Segment Start: Provided records

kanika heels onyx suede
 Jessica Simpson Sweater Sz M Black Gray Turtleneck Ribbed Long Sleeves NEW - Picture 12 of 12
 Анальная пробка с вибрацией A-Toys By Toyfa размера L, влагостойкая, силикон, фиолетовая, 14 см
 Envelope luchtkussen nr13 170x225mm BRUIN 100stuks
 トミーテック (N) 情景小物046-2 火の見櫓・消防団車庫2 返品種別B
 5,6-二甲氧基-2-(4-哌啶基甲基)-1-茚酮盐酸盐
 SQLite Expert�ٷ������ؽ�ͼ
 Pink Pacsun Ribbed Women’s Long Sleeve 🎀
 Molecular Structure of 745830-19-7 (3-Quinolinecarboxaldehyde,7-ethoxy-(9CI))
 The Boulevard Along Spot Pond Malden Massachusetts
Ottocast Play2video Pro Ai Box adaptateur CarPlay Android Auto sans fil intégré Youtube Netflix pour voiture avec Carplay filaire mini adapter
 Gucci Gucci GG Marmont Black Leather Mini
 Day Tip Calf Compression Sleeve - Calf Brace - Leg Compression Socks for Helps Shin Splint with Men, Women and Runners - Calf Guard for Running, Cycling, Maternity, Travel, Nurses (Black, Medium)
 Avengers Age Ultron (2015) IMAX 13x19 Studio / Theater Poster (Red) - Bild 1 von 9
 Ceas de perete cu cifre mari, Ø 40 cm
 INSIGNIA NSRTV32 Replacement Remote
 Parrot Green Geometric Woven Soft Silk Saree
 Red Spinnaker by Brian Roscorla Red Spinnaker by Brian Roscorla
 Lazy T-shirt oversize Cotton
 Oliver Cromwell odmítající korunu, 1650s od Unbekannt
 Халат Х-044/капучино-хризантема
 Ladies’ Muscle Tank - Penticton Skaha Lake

Segment End: Provided records

**Task statement**
Reproduce, word for word, the line containing "Envelope luchtkussen nr13" along with every later line of the listing, and leave out all earlier lines.

**Task response**
 Envelope luchtkussen nr13 170x225mm BRUIN 100stuks
 トミーテック (N) 情景小物046-2 火の見櫓・消防団車庫2 返品種別B
 5,6-二甲氧基-2-(4-哌啶基甲基)-1-茚酮盐酸盐
 SQLite Expert�ٷ������ؽ�ͼ
 Pink Pacsun Ribbed Women’s Long Sleeve 🎀
 Molecular Structure of 745830-19-7 (3-Quinolinecarboxaldehyde,7-ethoxy-(9CI))
 The Boulevard Along Spot Pond Malden Massachusetts
Ottocast Play2video Pro Ai Box adaptateur CarPlay Android Auto sans fil intégré Youtube Netflix pour voiture avec Carplay filaire mini adapter
 Gucci Gucci GG Marmont Black Leather Mini
 Day Tip Calf Compression Sleeve - Calf Brace - Leg Compression Socks for Helps Shin Splint with Men, Women and Runners - Calf Guard for Running, Cycling, Maternity, Travel, Nurses (Black, Medium)
 Avengers Age Ultron (2015) IMAX 13x19 Studio / Theater Poster (Red) - Bild 1 von 9
 Ceas de perete cu cifre mari, Ø 40 cm
 INSIGNIA NSRTV32 Replacement Remote
 Parrot Green Geometric Woven Soft Silk Saree
 Red Spinnaker by Brian Roscorla Red Spinnaker by Brian Roscorla
 Lazy T-shirt oversize Cotton
 Oliver Cromwell odmítající korunu, 1650s od Unbekannt
 Халат Х-044/капучино-хризантема
 Ladies’ Muscle Tank - Penticton Skaha Lake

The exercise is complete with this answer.